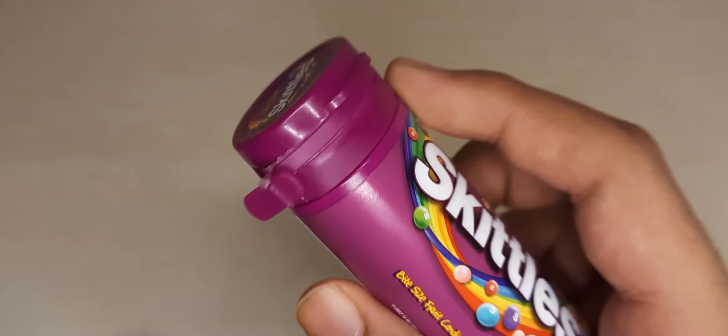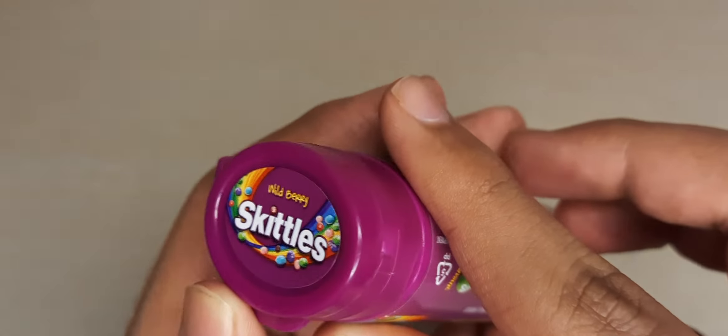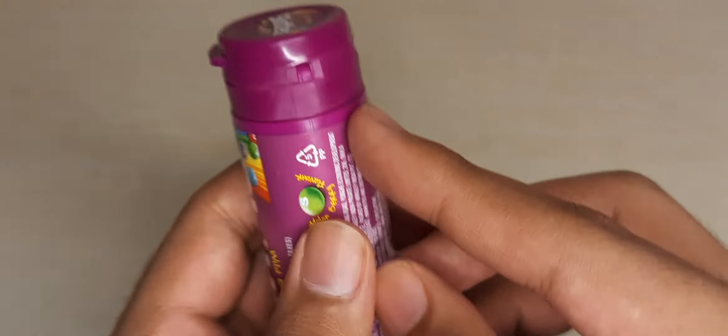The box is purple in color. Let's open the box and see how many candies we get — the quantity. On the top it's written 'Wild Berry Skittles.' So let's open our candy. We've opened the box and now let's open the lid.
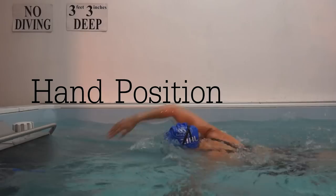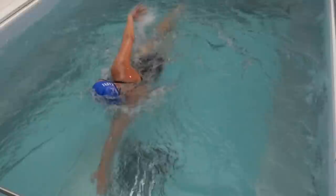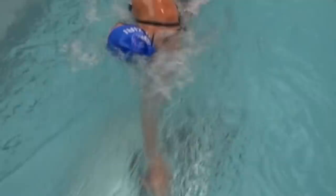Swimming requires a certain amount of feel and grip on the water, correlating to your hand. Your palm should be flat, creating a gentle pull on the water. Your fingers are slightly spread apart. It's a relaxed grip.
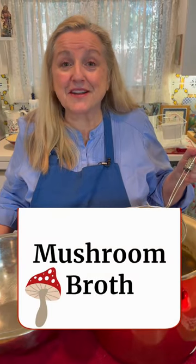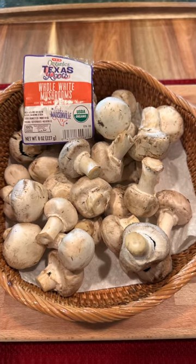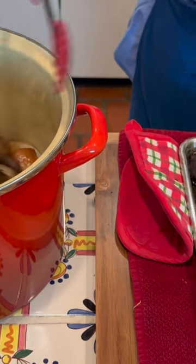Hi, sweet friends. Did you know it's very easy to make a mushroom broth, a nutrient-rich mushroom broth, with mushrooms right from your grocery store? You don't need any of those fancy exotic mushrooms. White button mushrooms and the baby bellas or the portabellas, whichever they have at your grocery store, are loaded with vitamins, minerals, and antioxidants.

PROBLEM TO WORK ON: Write out the listing above again, exactly, but with no pictures in the copy.

RESULT OF THIS EXERCISE:
The box is purple in color. Let's open the box and see how many candies we get — the quantity. On the top it's written 'Wild Berry Skittles.' So let's open our candy. We've opened the box and now let's open the lid.
Swimming requires a certain amount of feel and grip on the water, correlating to your hand. Your palm should be flat, creating a gentle pull on the water. Your fingers are slightly spread apart. It's a relaxed grip.
Hi, sweet friends. Did you know it's very easy to make a mushroom broth, a nutrient-rich mushroom broth, with mushrooms right from your grocery store? You don't need any of those fancy exotic mushrooms. White button mushrooms and the baby bellas or the portabellas, whichever they have at your grocery store, are loaded with vitamins, minerals, and antioxidants.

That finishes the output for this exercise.